I. Why Is Empirical Validation Necessary?

Before jumping into the details of what it would take to empirically validate the causal claim that liability insurance decreases police misconduct in Part II, it is important to first establish and acknowledge the evidence that Rappaport has already brought to bear on the claim. Without question, Rappaport’s Article presents the most comprehensive data ever assembled on the relationship between liability insurance and policing.
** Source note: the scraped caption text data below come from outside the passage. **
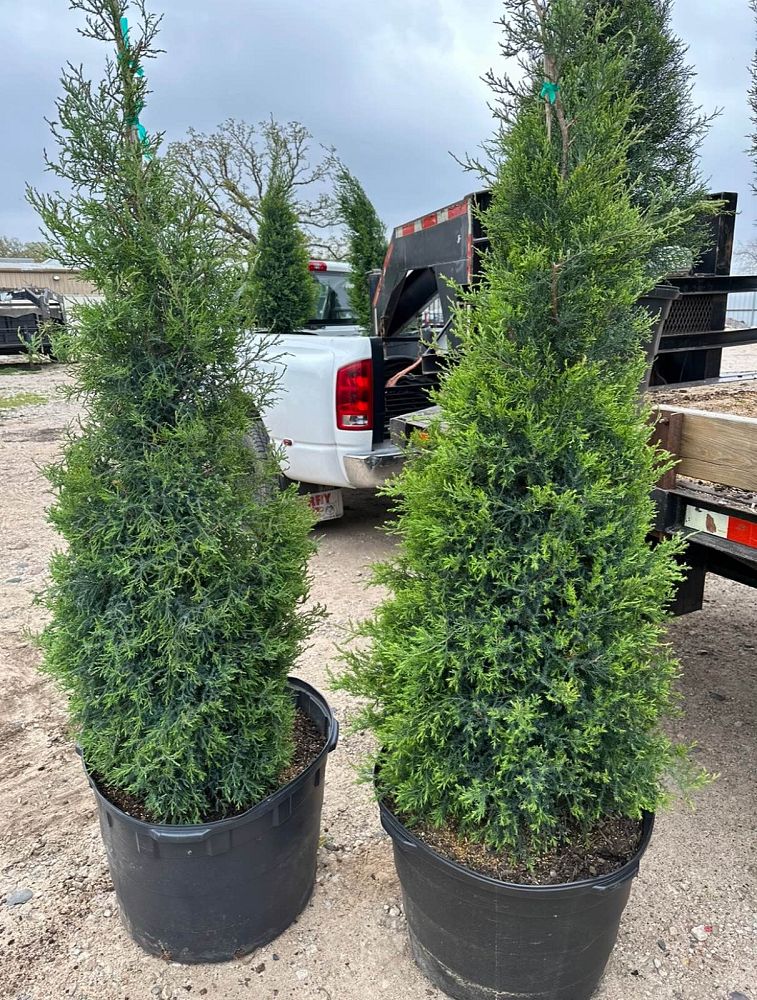 juniperus-virginiana-eastern-red-cedar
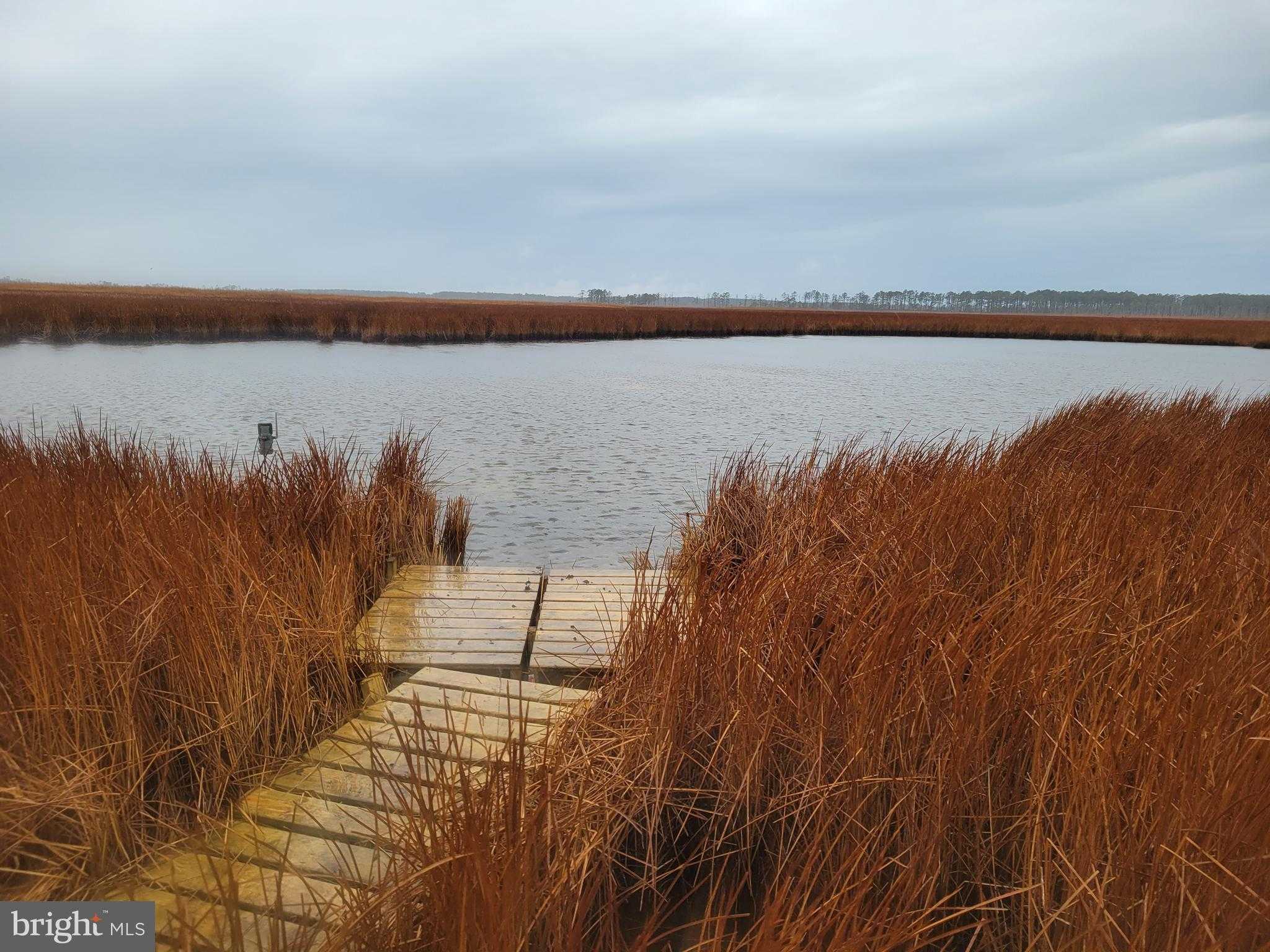 3241 Robbins Rd photo 9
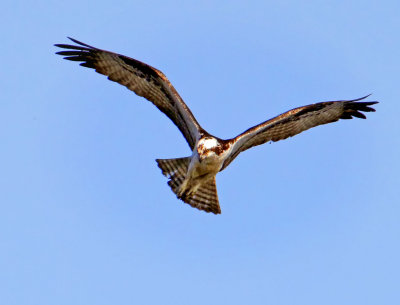 Osprey, Bodega Bay, CA
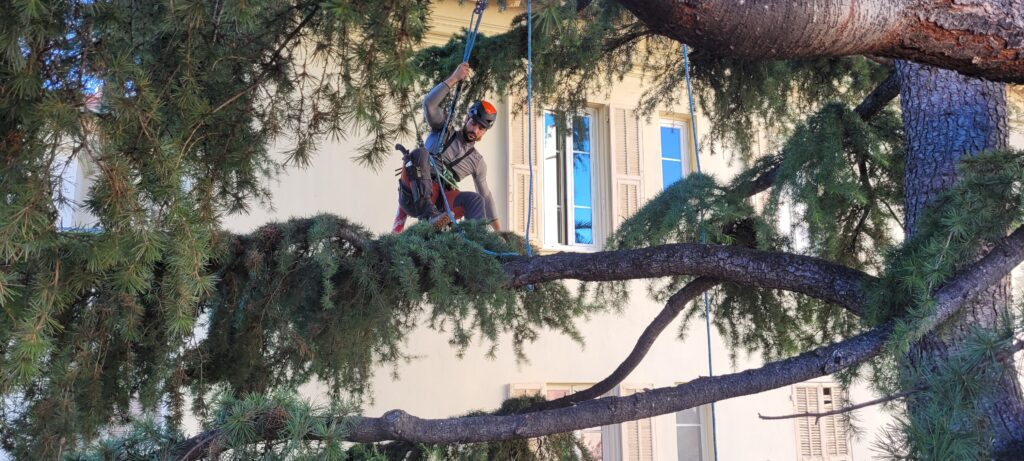 adaptation adaptation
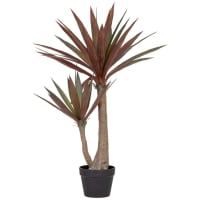 Foglie Traforate Di Cineraria Marittima Pianta Ornamentale Dargento Foglie Verde Gm1438358358 478882181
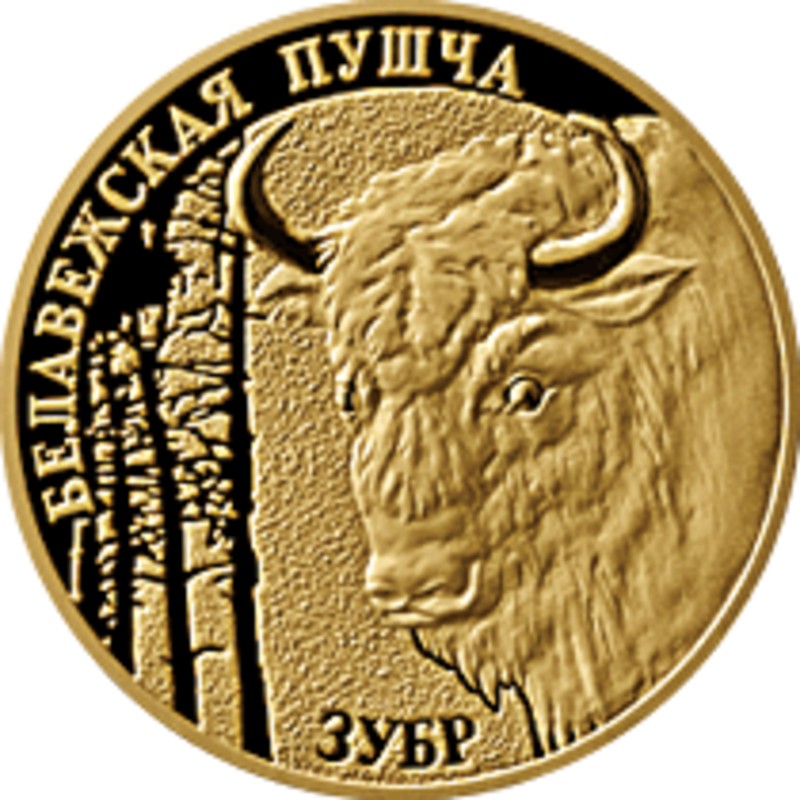 Золотая монета Беларуси "Беловежская пуща. Зубр" 7,2 г чистого золота (проба 0,900)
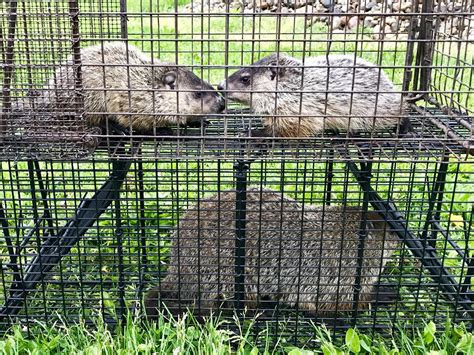 Groundhog Removal — Community Pest Solutions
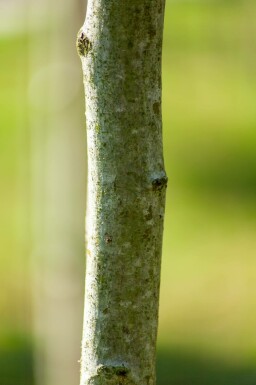 Crataegus x lavalleei 'Carrierei' hochstamm 10/12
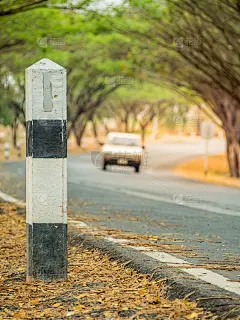 景观以直路下树拱隧道，阳光在路的尽头，夏季自然景观为背景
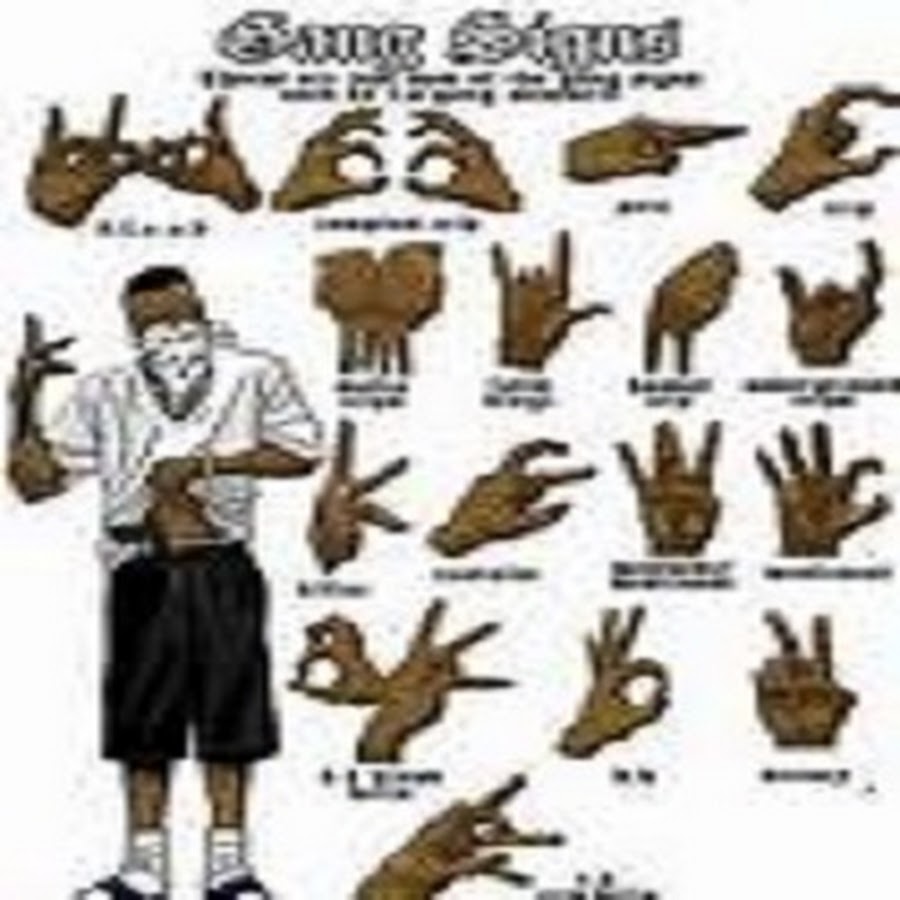 AKedOLSmu-0HoNYtVuNCX8KHffDjhfWBrJ8fl0eDU6Wm=s900-c-k-c0x00ffffff-no-rj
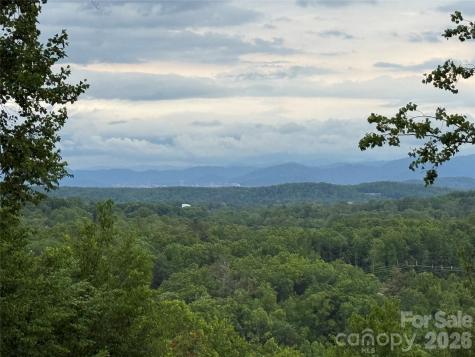 16 Ridge Pine Trail Arden NC 28704
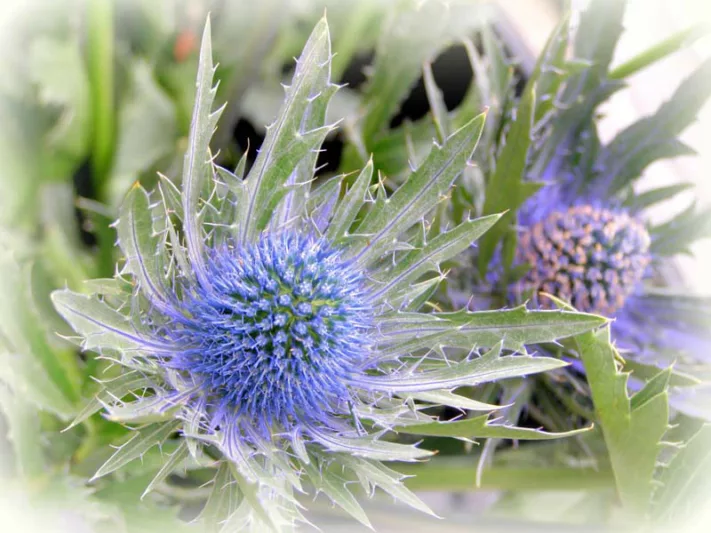 Eryngium, Sea Holly, Eryngo, Eryngium planum, Eryngium giganteum, Eryngium maritimum, Eryngium bourgatii, Eryngium zabelii, Eryngium variifolium, Eryngium yuccifolium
For his project, Rappaport interviewed a group of thirty-three subjects including police chiefs, commercial insurers, consultants, and insurance risk pool members.5 He also collected information from various resources like trade journals and insurance documents.6 Based on the data collected, Rappaport argues that, at least for his sample of interviewees, there is evidence that insurers “can and do shape police behavior — or, at the least, . . . influence policies, practices, and personnel decisions that are themselves proven or presumed to impact behavior.”7 Rappaport says that “it matters little that [his] sources . . . are not necessarily a nationally representative sample” because his chief task is simply to establish that insurance-based deterrence is possible.8 Having successfully established that insurance incentivizes police to adopt risk-reducing strategies in at least some cases, and relying on social science research that these risk-reducing strategies reduce police misconduct, Rappaport carefully concludes that police liability insurance may be a significant, yet “overlooked,” “policy lever.”9 He points to mandatory police liability insurance and laws that could be used to “encourage insurers to regulate more closely” as policies that may “improve police behavior.”10

In order to responsibly take his idea of insurance-driven police reform from the research realm to the policy realm, Rappaport suggests that the causal impact of insurance on police misconduct can and should be validated.11 There are at least two reasons why empirical validation is necessary. The first reason is one that Rappaport himself shines a bright light on. Because insurers are in the business of reducing municipal liability and not public harm, it is not clear ex ante that police liability insurance would necessarily reduce police misconduct.12 Only a well-designed empirical study can answer this question.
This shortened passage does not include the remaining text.